### Collected data
-- Opening Marker --

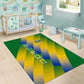 Gabon Flag Area Rug - National Coat of Arms and Vertical Design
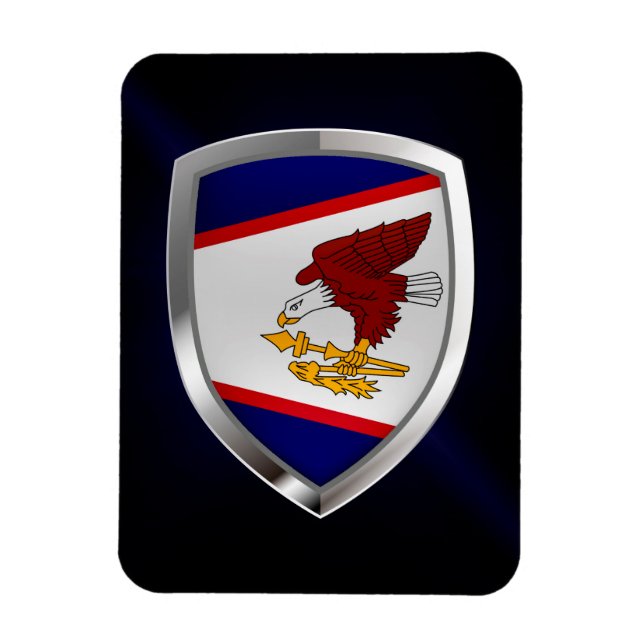 Amerikanska Samoa Metallic Emblem Magnet (Vertikal)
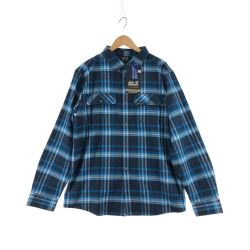〇〇 Jack Wolfskin ジャックウルフスキン メンズ シャツ ネルシャツ バーレーシャツ サイズXL ネイビー Sランク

-- Closing Marker --

### Your objective
Reproduce the preceding material exactly, skipping pictures.

### Answer to the problem
 Gabon Flag Area Rug - National Coat of Arms and Vertical Design
 Amerikanska Samoa Metallic Emblem Magnet (Vertikal)
〇〇 Jack Wolfskin ジャックウルフスキン メンズ シャツ ネルシャツ バーレーシャツ サイズXL ネイビー Sランク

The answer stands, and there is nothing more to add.